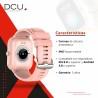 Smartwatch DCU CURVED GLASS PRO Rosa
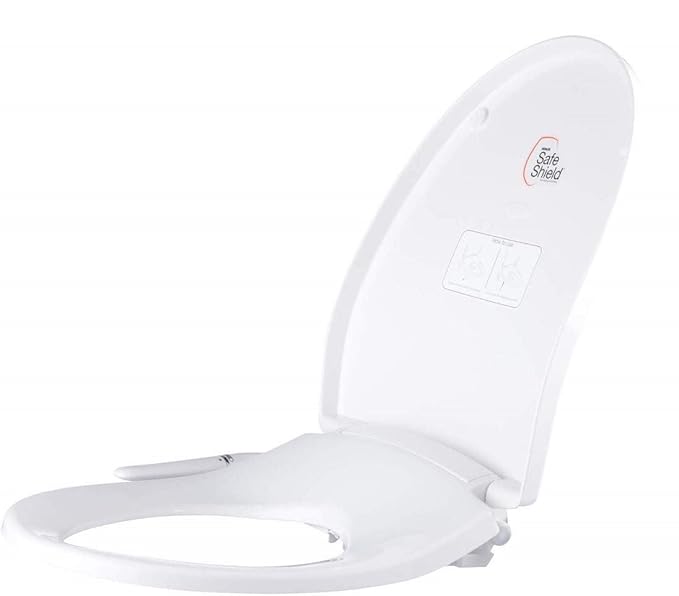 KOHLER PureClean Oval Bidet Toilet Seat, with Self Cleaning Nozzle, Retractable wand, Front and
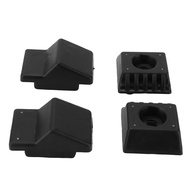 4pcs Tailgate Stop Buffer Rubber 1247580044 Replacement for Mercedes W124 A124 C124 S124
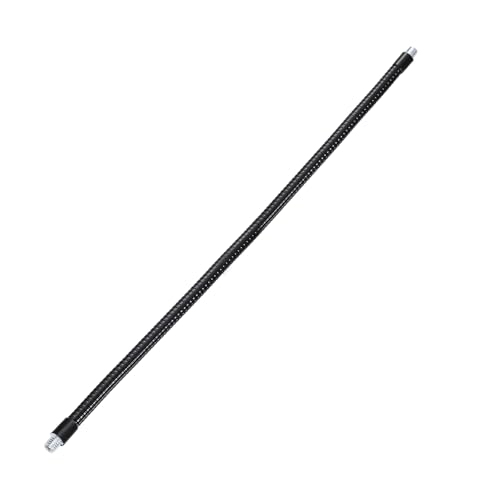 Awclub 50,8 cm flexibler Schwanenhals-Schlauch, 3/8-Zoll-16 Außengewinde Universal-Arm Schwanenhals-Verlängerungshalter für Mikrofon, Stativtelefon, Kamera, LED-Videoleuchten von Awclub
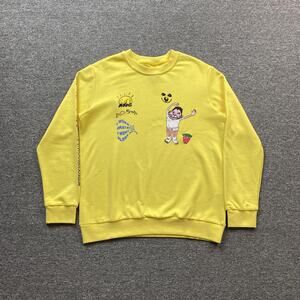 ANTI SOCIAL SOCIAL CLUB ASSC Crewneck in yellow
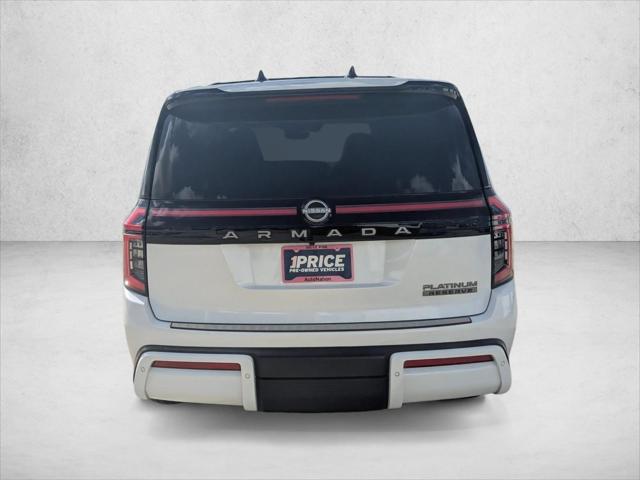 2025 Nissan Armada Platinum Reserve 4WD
---
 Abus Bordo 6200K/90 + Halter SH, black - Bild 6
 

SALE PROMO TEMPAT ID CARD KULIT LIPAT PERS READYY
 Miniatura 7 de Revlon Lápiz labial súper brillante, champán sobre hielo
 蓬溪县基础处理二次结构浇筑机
...
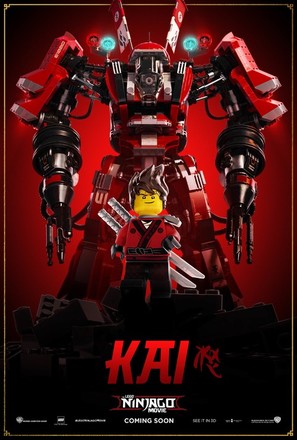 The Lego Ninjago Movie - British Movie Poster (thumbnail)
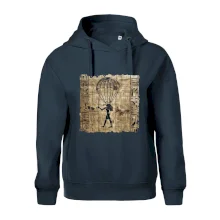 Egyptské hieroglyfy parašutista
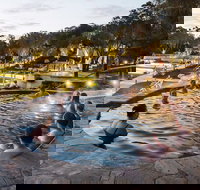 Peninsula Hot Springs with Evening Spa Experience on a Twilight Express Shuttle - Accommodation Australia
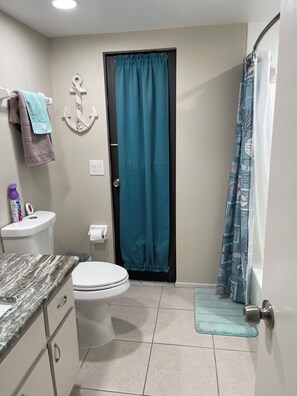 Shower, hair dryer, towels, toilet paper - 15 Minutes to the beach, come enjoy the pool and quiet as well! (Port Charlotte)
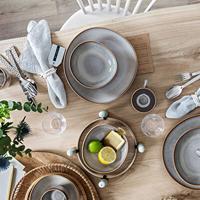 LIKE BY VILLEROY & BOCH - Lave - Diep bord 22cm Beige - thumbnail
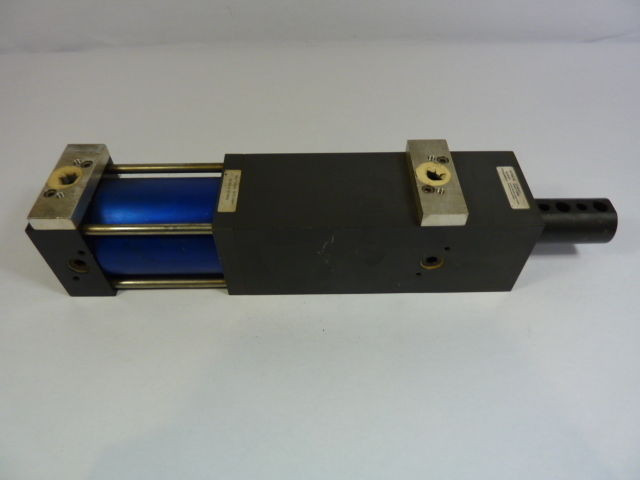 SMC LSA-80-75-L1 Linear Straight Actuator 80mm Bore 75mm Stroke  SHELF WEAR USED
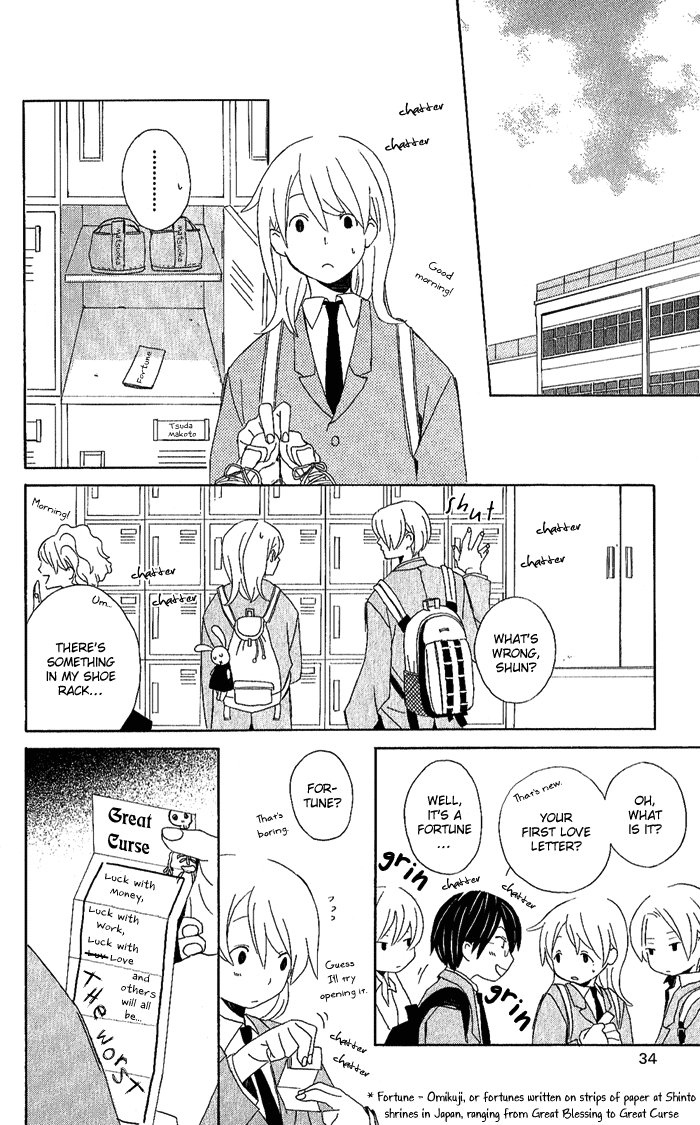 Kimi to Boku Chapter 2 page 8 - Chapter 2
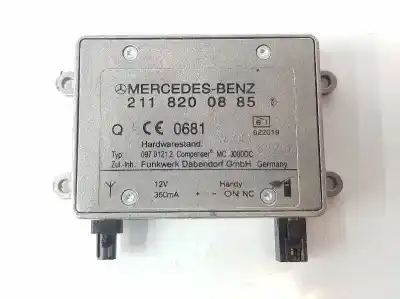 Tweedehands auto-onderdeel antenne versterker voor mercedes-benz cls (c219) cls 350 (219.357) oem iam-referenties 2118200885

### Task statement
Going back to the data above, write out everything from the line with "Smartwatch DCU CURVED GLASS PRO Rosa" down to the line with "2025 Nissan Armada Platinum Reserve 4WD", both included, leaving every picture out.

### Finished task
 Smartwatch DCU CURVED GLASS PRO Rosa
 KOHLER PureClean Oval Bidet Toilet Seat, with Self Cleaning Nozzle, Retractable wand, Front and
 4pcs Tailgate Stop Buffer Rubber 1247580044 Replacement for Mercedes W124 A124 C124 S124
 Awclub 50,8 cm flexibler Schwanenhals-Schlauch, 3/8-Zoll-16 Außengewinde Universal-Arm Schwanenhals-Verlängerungshalter für Mikrofon, Stativtelefon, Kamera, LED-Videoleuchten von Awclub
 ANTI SOCIAL SOCIAL CLUB ASSC Crewneck in yellow
 2025 Nissan Armada Platinum Reserve 4WD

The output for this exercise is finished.